At elementary school age, Gruber says, parents can encourage kids as travelers by starting local: “local museums, local historic sites, local parks, hiking trails, wherever you live.” This gives kids a sense of “how beautiful the world is, and what fun things there are to do.” It’s also a good age, according to Gruber, to start talk with kids about places they may someday see. If parents have had conversations with kids about the Grand Canyon, the Eiffel Tower, or even the Taj Mahal, “it’s so much more meaningful when they see it in person.”

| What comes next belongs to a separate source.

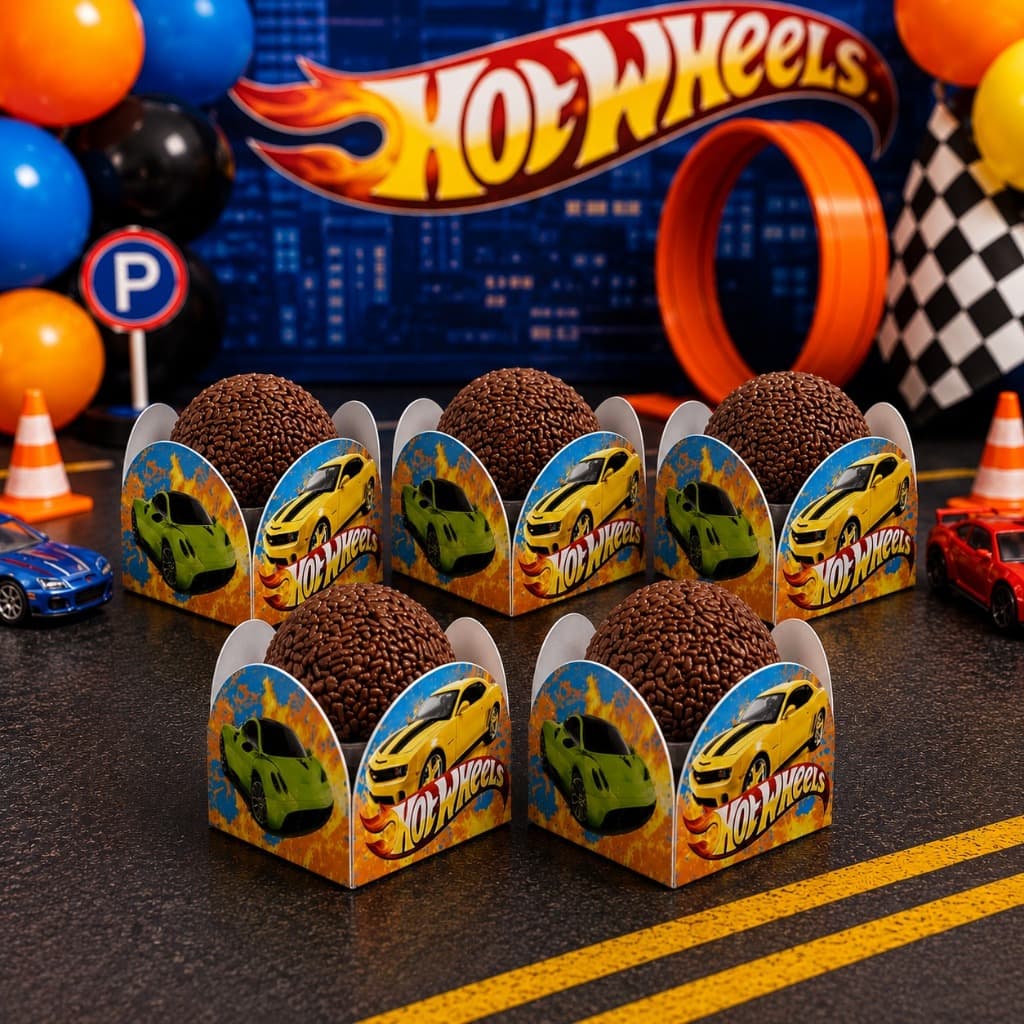 Forminha 4 Pétalas p Doces Hot Wheels Carrinhos- Decoração Festa Aniversário Mesversario Doces Finos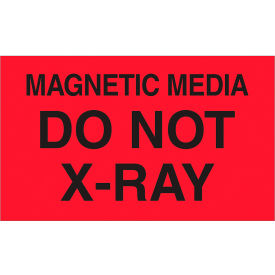 Labels w/ "Magnetic Media Do Not..." Print, 5"L x 3"W, Fluorescent Red, Roll of 500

Middle school kids, says Gruber, can start to contribute to planning trips themselves. “They have a little bit more knowledge of the world and studied different places in school.” So it’s a great time, Gruber says, to get them “involved with the process, looking through the travel guides,” and asking what places they’re interested in, and what they’d like to do there.
High school kids probably have some memories of travel under their belt, Gruber says. So parents can look back with them over the places they’ve been—just remembering the good times together, or thinking more deeply about what kids learned by being there. And as high school kids get ready to step out into adulthood, parents can also encourage them to think about where they might like to travel one day—all on their own.